Ag organization wants gov’t to protect Canadian farmland

Speculators shouldn’t be allowed to own farmland, the National Farmers Union says

By Diego Flammini
Staff Writer
Farms.com

An ag industry organization gathered in Ottawa Wednesday to lobby the federal government to protect Canadian farmland from investor ownership.

The National Farmers Union wants Canadian farmland to be available to farmers for food production and not to investment corporations to hold and drive up the land’s value.

“Young farmers are already struggling to access affordable farmland,” Jessie MacInnis, NFU’s youth president, told Farms.com. “Putting a ban on investor ownership would help decrease the cost and increase the accessibility for farmland to new farmers.”

NFU’s definition of investors includes pension funds or institutional investors.

“It’s quite broad,” MacInnis said.

MacInnis is a new farmer herself.

She and her sister Rebecca are first-generation farmers.

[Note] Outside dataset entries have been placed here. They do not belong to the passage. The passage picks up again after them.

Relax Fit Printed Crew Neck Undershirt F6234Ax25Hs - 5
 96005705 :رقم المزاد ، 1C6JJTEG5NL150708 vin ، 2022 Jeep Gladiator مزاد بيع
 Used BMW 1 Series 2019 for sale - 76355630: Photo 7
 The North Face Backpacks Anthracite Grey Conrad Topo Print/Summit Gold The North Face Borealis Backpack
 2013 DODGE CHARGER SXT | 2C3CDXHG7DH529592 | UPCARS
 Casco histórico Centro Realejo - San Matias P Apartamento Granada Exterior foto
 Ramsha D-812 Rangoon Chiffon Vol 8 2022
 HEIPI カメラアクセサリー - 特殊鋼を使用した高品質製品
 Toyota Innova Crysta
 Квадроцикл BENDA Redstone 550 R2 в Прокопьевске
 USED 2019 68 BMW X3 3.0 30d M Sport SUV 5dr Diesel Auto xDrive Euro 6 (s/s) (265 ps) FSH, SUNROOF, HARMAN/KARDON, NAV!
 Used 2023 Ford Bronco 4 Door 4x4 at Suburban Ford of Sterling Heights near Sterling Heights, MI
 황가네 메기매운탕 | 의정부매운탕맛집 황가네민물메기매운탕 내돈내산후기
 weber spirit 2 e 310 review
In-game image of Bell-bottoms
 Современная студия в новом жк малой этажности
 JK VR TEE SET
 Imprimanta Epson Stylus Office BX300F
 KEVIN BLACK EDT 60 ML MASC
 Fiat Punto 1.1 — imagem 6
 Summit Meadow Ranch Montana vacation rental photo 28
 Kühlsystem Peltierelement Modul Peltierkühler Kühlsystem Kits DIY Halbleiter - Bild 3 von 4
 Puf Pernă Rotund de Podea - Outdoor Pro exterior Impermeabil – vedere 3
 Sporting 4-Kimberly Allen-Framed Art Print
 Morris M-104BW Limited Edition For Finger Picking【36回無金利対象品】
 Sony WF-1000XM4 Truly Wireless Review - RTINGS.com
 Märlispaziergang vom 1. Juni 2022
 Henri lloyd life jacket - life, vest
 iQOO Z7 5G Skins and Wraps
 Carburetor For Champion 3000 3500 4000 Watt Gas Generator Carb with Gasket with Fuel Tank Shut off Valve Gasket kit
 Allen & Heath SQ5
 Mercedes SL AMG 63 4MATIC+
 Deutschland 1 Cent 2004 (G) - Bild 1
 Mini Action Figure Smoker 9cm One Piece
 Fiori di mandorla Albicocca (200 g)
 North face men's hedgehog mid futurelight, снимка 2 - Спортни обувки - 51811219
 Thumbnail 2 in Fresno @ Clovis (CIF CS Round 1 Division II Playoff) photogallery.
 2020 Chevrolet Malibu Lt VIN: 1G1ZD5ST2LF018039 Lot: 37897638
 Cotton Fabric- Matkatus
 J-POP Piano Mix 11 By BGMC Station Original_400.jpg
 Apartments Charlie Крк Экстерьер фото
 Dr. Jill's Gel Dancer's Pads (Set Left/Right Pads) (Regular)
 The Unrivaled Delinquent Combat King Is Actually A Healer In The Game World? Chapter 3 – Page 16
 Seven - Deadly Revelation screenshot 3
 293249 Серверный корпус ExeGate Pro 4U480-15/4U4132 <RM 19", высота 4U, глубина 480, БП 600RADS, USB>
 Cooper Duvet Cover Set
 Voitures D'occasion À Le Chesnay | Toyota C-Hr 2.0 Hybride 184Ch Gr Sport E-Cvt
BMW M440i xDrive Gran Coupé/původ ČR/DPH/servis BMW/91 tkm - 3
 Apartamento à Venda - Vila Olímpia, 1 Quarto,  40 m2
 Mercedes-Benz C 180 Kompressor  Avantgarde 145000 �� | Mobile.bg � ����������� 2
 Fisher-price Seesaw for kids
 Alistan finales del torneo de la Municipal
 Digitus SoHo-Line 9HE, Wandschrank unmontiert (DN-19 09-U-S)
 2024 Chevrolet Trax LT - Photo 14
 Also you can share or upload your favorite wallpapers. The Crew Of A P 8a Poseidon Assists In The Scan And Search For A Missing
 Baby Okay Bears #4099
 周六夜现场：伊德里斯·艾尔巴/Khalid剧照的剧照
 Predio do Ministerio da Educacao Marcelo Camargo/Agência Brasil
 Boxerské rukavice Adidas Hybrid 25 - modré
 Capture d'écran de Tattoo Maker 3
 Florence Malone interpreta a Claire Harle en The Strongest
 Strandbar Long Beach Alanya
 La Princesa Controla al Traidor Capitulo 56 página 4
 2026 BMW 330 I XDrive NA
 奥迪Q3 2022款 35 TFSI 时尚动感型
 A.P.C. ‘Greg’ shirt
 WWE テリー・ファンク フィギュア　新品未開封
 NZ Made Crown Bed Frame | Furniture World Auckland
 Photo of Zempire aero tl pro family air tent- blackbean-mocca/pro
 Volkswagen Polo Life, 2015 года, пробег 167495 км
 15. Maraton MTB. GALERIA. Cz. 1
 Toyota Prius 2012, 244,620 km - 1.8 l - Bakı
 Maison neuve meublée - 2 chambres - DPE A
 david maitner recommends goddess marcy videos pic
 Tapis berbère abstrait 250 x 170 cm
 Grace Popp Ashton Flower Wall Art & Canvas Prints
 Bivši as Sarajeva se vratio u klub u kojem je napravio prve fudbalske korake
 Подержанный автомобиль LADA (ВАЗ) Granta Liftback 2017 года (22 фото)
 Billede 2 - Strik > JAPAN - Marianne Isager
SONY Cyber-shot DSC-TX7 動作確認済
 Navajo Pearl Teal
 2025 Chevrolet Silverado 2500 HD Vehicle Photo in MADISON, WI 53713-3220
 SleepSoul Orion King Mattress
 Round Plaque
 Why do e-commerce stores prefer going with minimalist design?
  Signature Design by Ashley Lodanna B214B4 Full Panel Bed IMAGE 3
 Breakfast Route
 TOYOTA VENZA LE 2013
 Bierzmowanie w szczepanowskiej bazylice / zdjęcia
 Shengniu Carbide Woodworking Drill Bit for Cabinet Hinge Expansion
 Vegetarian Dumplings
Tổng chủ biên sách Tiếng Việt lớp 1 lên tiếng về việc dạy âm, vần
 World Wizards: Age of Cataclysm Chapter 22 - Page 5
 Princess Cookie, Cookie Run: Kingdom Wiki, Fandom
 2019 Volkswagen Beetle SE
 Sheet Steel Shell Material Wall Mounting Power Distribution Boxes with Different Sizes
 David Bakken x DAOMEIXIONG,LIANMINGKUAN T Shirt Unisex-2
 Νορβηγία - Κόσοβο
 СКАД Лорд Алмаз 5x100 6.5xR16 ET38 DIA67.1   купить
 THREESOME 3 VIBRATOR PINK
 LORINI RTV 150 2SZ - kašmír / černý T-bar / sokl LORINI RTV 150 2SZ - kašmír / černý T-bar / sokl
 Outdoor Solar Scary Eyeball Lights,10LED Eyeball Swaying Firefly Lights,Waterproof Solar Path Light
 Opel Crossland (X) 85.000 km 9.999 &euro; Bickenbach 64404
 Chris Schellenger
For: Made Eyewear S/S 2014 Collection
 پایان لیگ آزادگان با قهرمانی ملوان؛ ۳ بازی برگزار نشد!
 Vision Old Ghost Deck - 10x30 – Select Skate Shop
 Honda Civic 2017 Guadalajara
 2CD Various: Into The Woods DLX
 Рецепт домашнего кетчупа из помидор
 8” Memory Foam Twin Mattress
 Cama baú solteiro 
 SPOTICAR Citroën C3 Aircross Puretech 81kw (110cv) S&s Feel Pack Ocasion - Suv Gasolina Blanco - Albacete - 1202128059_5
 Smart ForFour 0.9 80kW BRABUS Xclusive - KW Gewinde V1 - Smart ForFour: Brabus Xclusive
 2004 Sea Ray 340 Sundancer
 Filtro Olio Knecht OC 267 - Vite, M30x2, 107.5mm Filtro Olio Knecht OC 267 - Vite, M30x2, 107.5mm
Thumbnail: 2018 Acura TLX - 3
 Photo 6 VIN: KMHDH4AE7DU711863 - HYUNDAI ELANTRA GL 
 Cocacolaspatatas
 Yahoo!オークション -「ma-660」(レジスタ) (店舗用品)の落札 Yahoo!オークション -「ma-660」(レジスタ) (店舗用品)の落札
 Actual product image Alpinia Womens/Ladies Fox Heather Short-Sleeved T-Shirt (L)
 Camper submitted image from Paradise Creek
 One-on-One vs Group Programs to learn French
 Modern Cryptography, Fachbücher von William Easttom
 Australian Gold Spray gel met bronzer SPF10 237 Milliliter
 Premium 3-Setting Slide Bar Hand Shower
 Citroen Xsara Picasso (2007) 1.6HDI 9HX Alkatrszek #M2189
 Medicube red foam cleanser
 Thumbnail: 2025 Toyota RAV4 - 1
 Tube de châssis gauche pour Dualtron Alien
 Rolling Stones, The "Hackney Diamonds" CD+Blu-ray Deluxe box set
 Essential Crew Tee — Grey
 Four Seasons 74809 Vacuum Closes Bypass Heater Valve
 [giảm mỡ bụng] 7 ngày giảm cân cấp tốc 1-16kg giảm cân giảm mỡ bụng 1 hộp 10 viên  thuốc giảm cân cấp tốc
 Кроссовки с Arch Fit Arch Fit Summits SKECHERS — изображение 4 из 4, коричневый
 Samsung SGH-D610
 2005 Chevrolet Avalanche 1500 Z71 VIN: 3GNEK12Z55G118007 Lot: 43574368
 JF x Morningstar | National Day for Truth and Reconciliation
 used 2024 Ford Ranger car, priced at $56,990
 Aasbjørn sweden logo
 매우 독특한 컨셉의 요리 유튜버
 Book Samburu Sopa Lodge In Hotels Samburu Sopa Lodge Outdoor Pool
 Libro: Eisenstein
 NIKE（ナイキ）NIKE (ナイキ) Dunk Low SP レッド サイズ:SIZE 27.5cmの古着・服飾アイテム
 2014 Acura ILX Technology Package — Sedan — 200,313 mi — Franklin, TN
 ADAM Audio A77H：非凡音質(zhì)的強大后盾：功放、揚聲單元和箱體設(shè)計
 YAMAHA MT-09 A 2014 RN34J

They own and operate Spring Tide Farm in Lunenburg County, N.S., where they grow vegetables and cut flowers.

MacInnis and other NFU members want to ensure farmland is priced for its value related to food production, and not simply available for the highest bidder.

“Farmland prices are no longer linked to productivity or agricultural potential, it’s becoming linked to speculative value,” she said. “This turns the land itself and foundation of our food system into a moneymaking opportunity for absentee landlords.”

Farmland ownership is under provincial jurisdiction, but NFU wants Ottawa to put pressure on the provinces to ban this kind of ownership and to make these bans a condition for accessing business risk management programs.

This trend is occurring mostly in the Prairies, MacInnis said.

Research from the University of Manitoba found “investor ownership of farmland in Saskatchewan was negligible in 2002, but had climbed to nearly one million acres by 2018 – almost 18 times the size of Saskatoon.”

Financial challenges in 2007-08 could’ve played a factor.

A report from the Parkland Institute in Alberta indicates during that time, investors were “searching for more stable places to store their wealth and watch it accumulate,” the report says. “In this context, investment groups and wealthy individuals reassessed farmland’s potential as an asset class and began buying it up in droves.”

Katherine Aske, an NFU member, authored the report.

Removing speculators from the farmland ownership equation helps ensure food production can continue.

“We know there are thousands of farmers who will retire without a succession plan, and new farmers keen on getting into agriculture,” MacInnis said. “If speculators are allowed to buy up all of this farmland and drive up its cost, that barrier prevents new farmers from getting into the industry.”

The NFU’s rally on Parliament Hill runs from 2-4pm ET.